L’inclusion des seniors LGBQTQI+, un enjeu majeur
La question de l’inclusion des seniors LGBT reste encore aujourd’hui primordiale puisqu’elle concerne une population vulnérabilisée, notamment par les années Sida, et qui n’a pas vécu la même visibilité et la même liberté que la jeune génération actuelle.
Aline se considère chanceuse avec la façon dont s’est déroulée sa vie professionnelle. Elle n’a pas subi de discriminations au travail, mais elle n’a pas non plus fait son coming-out, c’était un « non-dit » qui arrangeait tout le monde. Et il en était de même dans son cadre familial.
Si toutefois l’un de ses collègues lui posait la question, elle répondait qu’elle était en couple avec une femme.

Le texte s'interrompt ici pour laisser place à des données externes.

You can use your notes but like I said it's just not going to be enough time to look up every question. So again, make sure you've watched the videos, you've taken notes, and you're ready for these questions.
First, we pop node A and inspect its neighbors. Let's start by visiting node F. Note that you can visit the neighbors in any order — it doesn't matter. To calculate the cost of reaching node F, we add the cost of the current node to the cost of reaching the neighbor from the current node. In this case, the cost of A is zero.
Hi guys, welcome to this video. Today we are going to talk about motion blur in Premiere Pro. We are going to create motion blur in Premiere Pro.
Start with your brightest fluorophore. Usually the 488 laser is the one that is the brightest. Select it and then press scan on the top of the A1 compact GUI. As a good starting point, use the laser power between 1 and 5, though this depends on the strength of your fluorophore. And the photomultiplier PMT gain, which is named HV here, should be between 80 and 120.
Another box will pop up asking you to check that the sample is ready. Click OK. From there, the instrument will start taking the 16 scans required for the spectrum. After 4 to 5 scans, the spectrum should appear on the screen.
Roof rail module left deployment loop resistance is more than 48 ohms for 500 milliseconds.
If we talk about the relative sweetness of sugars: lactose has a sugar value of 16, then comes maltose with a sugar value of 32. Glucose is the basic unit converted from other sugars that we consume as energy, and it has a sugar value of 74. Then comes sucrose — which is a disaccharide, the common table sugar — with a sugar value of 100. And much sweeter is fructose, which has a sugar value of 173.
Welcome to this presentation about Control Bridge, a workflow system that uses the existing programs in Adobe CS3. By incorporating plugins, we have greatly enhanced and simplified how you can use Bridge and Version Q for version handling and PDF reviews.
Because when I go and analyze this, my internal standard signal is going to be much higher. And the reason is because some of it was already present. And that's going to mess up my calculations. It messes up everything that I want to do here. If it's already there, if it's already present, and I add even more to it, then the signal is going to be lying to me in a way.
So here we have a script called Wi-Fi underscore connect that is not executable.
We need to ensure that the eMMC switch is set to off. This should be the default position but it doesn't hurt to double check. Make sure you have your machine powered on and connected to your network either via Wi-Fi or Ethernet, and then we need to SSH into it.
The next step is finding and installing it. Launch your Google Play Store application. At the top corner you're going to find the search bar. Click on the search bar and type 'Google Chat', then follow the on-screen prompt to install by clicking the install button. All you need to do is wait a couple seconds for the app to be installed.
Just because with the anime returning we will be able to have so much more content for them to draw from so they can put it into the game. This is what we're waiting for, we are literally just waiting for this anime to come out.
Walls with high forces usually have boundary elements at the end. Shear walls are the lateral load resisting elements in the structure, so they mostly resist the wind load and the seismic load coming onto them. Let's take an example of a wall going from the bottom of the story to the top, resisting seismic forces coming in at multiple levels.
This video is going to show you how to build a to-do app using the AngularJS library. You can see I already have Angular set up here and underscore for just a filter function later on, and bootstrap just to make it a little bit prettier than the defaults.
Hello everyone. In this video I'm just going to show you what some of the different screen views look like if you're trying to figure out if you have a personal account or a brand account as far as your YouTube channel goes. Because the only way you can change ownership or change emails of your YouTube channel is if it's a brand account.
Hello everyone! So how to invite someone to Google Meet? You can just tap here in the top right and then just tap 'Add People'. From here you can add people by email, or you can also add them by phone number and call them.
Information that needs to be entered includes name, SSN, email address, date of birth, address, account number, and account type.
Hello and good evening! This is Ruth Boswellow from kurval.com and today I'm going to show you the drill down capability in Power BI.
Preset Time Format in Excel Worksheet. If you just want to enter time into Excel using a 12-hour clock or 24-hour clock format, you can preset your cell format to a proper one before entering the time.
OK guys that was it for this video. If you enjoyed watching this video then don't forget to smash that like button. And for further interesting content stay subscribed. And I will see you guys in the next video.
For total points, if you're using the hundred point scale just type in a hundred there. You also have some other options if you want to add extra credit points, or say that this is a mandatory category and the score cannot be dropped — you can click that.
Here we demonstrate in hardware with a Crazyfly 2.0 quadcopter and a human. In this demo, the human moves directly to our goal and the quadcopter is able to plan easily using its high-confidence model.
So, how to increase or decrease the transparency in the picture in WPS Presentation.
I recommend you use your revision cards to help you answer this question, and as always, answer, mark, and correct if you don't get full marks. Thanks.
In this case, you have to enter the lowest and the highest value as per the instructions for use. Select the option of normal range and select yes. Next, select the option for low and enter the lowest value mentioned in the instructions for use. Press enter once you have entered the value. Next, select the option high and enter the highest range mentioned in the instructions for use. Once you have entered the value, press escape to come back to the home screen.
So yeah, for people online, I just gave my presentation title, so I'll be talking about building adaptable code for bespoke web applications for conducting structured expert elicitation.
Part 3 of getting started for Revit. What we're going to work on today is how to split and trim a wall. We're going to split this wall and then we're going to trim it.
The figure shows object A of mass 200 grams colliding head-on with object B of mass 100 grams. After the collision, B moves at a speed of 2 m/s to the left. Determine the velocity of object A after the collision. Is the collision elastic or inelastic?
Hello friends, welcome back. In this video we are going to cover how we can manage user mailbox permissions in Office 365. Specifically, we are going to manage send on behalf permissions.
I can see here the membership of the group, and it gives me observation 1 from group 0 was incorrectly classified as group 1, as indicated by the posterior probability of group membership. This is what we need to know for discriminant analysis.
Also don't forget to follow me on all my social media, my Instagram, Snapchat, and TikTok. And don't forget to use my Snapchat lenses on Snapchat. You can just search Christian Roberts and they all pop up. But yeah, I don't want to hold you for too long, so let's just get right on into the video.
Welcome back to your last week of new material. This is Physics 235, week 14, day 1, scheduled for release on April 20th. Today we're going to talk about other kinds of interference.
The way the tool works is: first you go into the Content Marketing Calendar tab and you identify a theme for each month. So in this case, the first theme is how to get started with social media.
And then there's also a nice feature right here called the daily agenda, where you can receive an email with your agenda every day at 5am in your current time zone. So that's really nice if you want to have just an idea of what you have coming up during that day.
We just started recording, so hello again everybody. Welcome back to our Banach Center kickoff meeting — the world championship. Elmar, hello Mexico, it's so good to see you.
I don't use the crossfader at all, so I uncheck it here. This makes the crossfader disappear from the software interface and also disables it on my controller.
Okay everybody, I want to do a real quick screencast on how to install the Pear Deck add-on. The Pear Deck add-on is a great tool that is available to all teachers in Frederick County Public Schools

Certaines de ses amies n’ont pas eu cette « chance », certaines se sont mises en couple puis mariées avec des hommes, alors qu’elles se savaient déjà lesbiennes, sous la pression sociale et familiale. « Elles ont dû accepter de mener une vie traditionnelle, car elles n’avaient tout simplement pas le choix » nous explique-t-elle.
Les avancées sociales significatives opérées depuis une plusieurs décennies donnent matière à se réjouir, mais il reste encore néanmoins beaucoup de chemin à accomplir pour l’inclusion de la génération LGBTQI+ active actuelle. Selon le Boston Consulting Group, en 2020, seules 43 % des personnes LGBTQI+ sont out au travail, soit 11 points de moins qu’en 2018.
Un recul qui s’explique sans doute par la portée de La manif pour tous, comme le pense Aline : « La manif pour tous a fait des dégâts, le mot « mariage » n’est pas du tout passé pour eux et on l’a entendu. Je sens qu’il y a depuis plusieurs années un recul de la tolérance, il y a beaucoup de haine qui est affichée très clairement. La montée du populisme et de l’extrême-droite en Europe est très préoccupante. Et ce qu’il s’est passé aux Etats-Unis avec la restriction des droits à l’avortement l’est tout autant. Il y a un recul des droits fondamentaux dans le monde entier. Alors oui, il est important de pouvoir se sentir en sécurité jusqu’au bout. Et c’est clairement ce qu’il me plait avec la maison de la diversité. »
Si la peur de la discrimination a lieu dans la fleur de l’âge, elle n’en est que plus évidente en fin de vie, et c’est en cela que l’inclusion des seniors LGBTQI+ est un enjeu d’intérêt général. “Il n’agit pas ici d’un retour au placard ni d’une couverture pour la mise en place d’un ghetto pour séniors LGBTQI+” affirme Stéphane Sauvé. Il est ici tout simplement question d’un “safe place” pour une population qui a subi des discriminations toute sa vie, et pour éviter qu’elle ne se retrouve à nouveau confrontée à de nouvelles situations intolérables.